Al contrario di Edgard Allan Poe che ha interpretato il gotico inserendo sfumature psicologiche e introspettive ai suoi racconti, Hawthorne si muove all’esterno della mente americana e si sofferma sul territorio che conosce meglio, il New England. Culla degli insediamenti coloniali del Seicento, Hawthorne ambienta La casa dei sette abbaini proprio in questa regione, sottolineando così la radice profondamente puritana della città della storia che viene narrata.

La famiglia Pyncheon è al centro del romanzo che si apre con una sua anziana rappresentante, Hepzibah. La vita della donna non è quella che ci si aspetterebbe da una famiglia tanto antica: la decadenza circonda tutti gli aspetti della sua quotidianità, dalle abitudini del risveglio fino alla casa che abita. Hepzibah, ancorata alla vita passata più altolocata, è costretta ad aprire un negozio per vivere. La sua sembra quasi la maledizione di chi ha vissuto troppo nell’agio e il narratore non nasconde che una maledizione, in realtà, esiste. I Pyncheon sono vittime, se così si può dire, di un sortilegio pronunciato secoli addietro dai Maule, la famiglia a cui il giudice Pyncheon aveva sottratto il terreno su cui è costruita proprio la casa dei sette abbaini.

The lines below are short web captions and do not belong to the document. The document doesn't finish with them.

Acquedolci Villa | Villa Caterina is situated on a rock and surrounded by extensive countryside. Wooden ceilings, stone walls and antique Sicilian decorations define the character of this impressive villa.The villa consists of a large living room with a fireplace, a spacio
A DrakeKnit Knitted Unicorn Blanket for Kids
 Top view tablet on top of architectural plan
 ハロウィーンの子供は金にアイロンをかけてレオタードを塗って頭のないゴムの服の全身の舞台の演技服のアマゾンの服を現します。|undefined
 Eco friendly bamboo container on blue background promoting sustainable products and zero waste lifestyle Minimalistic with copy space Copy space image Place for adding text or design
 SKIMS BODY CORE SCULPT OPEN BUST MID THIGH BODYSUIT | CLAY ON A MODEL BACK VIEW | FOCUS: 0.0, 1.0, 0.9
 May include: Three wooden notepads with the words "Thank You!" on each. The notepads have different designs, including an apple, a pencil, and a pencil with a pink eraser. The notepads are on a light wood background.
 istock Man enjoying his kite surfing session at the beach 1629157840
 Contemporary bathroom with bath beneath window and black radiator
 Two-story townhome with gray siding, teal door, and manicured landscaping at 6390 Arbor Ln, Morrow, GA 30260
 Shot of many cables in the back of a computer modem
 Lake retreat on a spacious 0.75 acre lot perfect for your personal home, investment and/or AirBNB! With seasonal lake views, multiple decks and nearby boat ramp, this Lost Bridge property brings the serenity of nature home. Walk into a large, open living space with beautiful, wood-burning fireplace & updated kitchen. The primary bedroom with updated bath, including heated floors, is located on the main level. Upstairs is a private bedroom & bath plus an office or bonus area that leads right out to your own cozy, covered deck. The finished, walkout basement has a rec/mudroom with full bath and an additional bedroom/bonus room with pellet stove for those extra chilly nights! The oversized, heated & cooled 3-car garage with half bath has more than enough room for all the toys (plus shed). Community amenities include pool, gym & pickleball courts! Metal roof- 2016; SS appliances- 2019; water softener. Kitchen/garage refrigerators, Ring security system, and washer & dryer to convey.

La storia prende il via in un capitolo introduttivo in cui il narratore sembra inciampare nelle vicende presenti e passate dei Pyncheon, prendendo sempre più confidenza con la materia che sta trattando. La sua presenza, molto più ironica di quanto Hawthorne voglia far credere, dà modo al lettore di muoversi tra i secoli che separano Hepzibah e l’antenato giudice, il cui ritratto in salotto incute terrore a chiunque decida di avventurarsi nella casa dei sette abbaini.

Il gotico di Hawthorne si trova proprio negli interstizi di questo movimento irregolare avanti e indietro nel tempo del quale il narratore non nasconde le controversie. Né i Maule né i Pyncheon si salvano dal passato che li tormenta ogni giorno, nemmeno quando nella vita di Hepzibah e il fratello entra una figura che rompe la loro noiosa e decadente quotidianità. Si tratta di Phoebe, una ventata d’aria fresca che irrompe nella casa dei sette abbaini portando un fragile sentore di speranza ai suoi abitanti. Nonostante la sua presenza, la casa non cede il suo aspetto tetro e, a tratti, sovrannaturale.

È quest’ultimo elemento a dominare la dinamica del gotico di questo romanzo, soprattutto quando nella risoluzione finale delle vicende tutto sembra essere tornato al proprio posto. Anche in questo caso, La casa dei sette abbaini non risparmia il lettore: il testo gotico sotteso alla narrazione lavora proprio in contrasto con il testo dominante che propone la risoluzione, lasciando un ricordo stagnante delle ansie e preoccupazioni di un’intera generazione che vuole dimenticare il proprio passato tragico. Il parallelo tra l’ambiente domestico dei Pyncheon e quello sociale americano è servito e l’unica soluzione per entrambi che sembra suggerire Hawthorne è una tipica puritana: l’eterna espiazione all’interno di una narrazione di apparente redenzione.